Today’s Financial Review leads with the news that the ACCC
has blocked Toll Holdings’ plans to takeover Patrick Corporation. Toll’s plans
to create a nationally integrated company to dominate rail, road and shipping
transport have been dashed, after its $4.6 billion takeover bid for Patrick was
rebuffed by ACCC – with chairman Graeme Samuel saying he didn’t believe
concessions made by Toll over almost four months of investigations into the
proposed deal hadn’t been “nearly sufficient.” And Toll boss Paul Little isn’t
the only one left red-faced by the “knockout blow,” says Anthony Hughes in The
Fin’s
Chanticleer column. And the misreading of the situation by many is
symbolic of the way in which the general market bullishness of the past year
has sometimes shifted perceptions a long way from reality.


The Australian
reports that New Limited is set to unleash a challenge to Telstra’s $1.6
billion-a-year Sensis business listing. The paper reports that News Interactive
will launch a new website within weeks, providing access to around a million
local traders and services listings. And Bryan Frith ponders the future for Toll Holdings, writing: “it would mean swallowing some
pride but given the emphatic nature of the ACCC’s opposition to Toll’s $4
billion-plus takeover bid for Chris Corrigan’s Patrick Corp, the best option
may be to take it on the chin and move on.”


The SMH
reports on what may be the biggest breakthrough in the decade-long
investigation into the Offset Alpine publishing company – ASIC has finally
received 12 crucial folders of Swiss bank records and transcripts involving the
corporate high flyers Trevor Kennedy and Rene Rivkin. The papers should confirm
whether Kennedy and Rivkin, as well as Graham Richardson, were the true
controllers of the company. And they may also shed light on Swiss bank
transactions involving Rivkin and his driver Gordon Wood around the time Rivkin
was under pressure from ASIC investigators and Mr Wood’s model girlfriend, Caroline
Byrne, was found dead at the bottom of The Gap.

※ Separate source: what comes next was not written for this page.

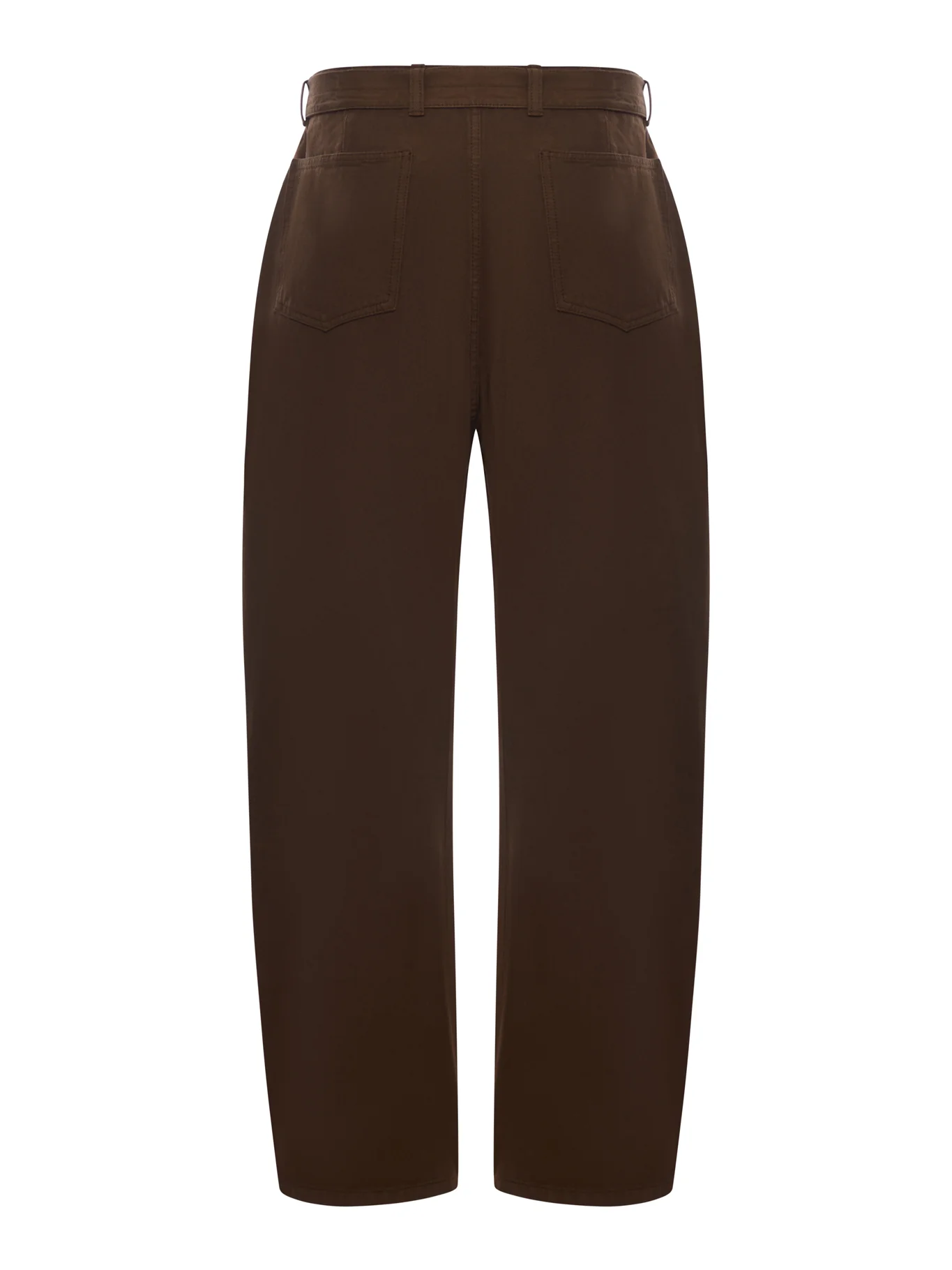 COTTON TROUSERS WITH BRAIDED BELT - Image 2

Shares in Zinifex fell 10% yesterday after the miner warned
of a cost blowout of $280 million at its major zinc mine in Queensland, reports
The Age. The world’s second-biggest zinc miner has been forced to remove waste
stripping from the Century mine earlier than expected after geotechnical
modelling revealed unstable pit walls posed a risk.

On Wall Street, US stocks closed lower overnight as weak results
from Intel and Yahoo raised concern the fourth-quarter
earnings season might not live up to expectations. The Dow Jones ended down 41 points at 10,854 – MarketWatch
has a full report here.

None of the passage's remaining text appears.